A new fella is helping me on the rings and he’s pretty radical. He did something tonight called a dislocation that I do not ever intend to do this side of 100. Plus he showed me some pretty violent swinging that was verging on crucifixion shaped and again I dunno if I’ll be hitting that tube stop anytime soon. I am quite jealous of his chin up move and am certainly going to pursue it. But how? The small matter of Posh Spice sized arms up against gravity and pretty ripped up hands need overthrowing.

Change one move.

Another coach tonight gave me a wonderful tip on my back handspring. I trained sooo long ago as a teenager, in the dinosaur era where they taught a sit and fall technique to the commence the move but that has now gone out with the bats. He said pike the legs and fall or just do it straight legged. Plus he said stick your chest up and back which is pretty easy to remember since it pokes out. What a difference. No more collapses. Well a couple. All my power from my legs was being lost by sitting too low, now instead it sends me back and longer. Yeah!!

All the way home I thought of how these tiny adjustments change so much, just as in prose a word in and out of a sentence can have this effect.
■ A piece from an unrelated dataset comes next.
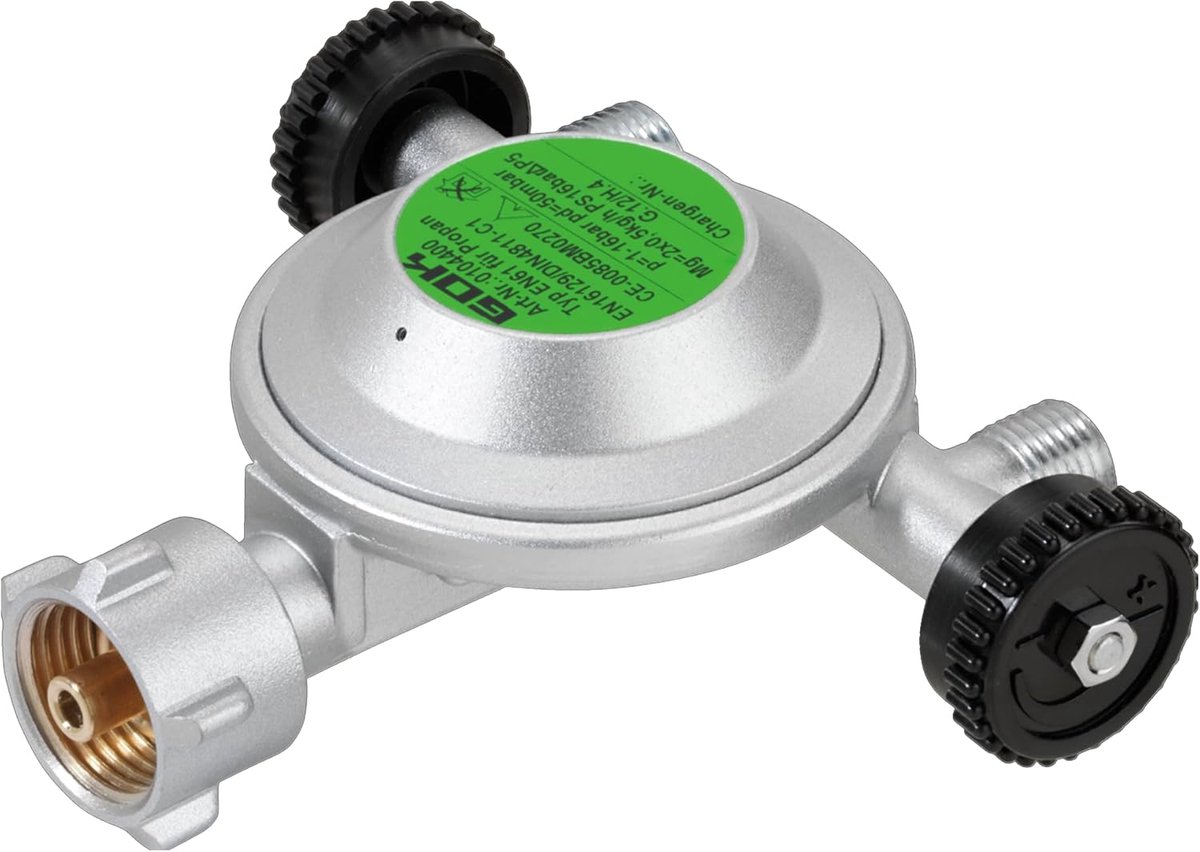 SnelShoppen - Gasregulator met 2 Uitgangen - Lage Druk Gas Controller voor Camping, Tuin, Feest - Perfect voor 2 Gasfornuizen - Kwaliteit & Veiligheid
I don’t have such a good editor’s eye. (Sound is v important to me though) I tend just to see thorns and blackberry bushes. I continue however to see the physical body and it’s movements as structure or I import from the physical body. Even now I can hear the snap of feet to the floor and thump of the arms and the final thump of the feet in a tumbling sequence. I hear a sentence in it. The last novel that I wrote the shape was formulated watching Judith Copithorne walk about delivering phrases at a poetry reading. She was not reading a poem like all the other poets were, she was offering words. Literally and physically.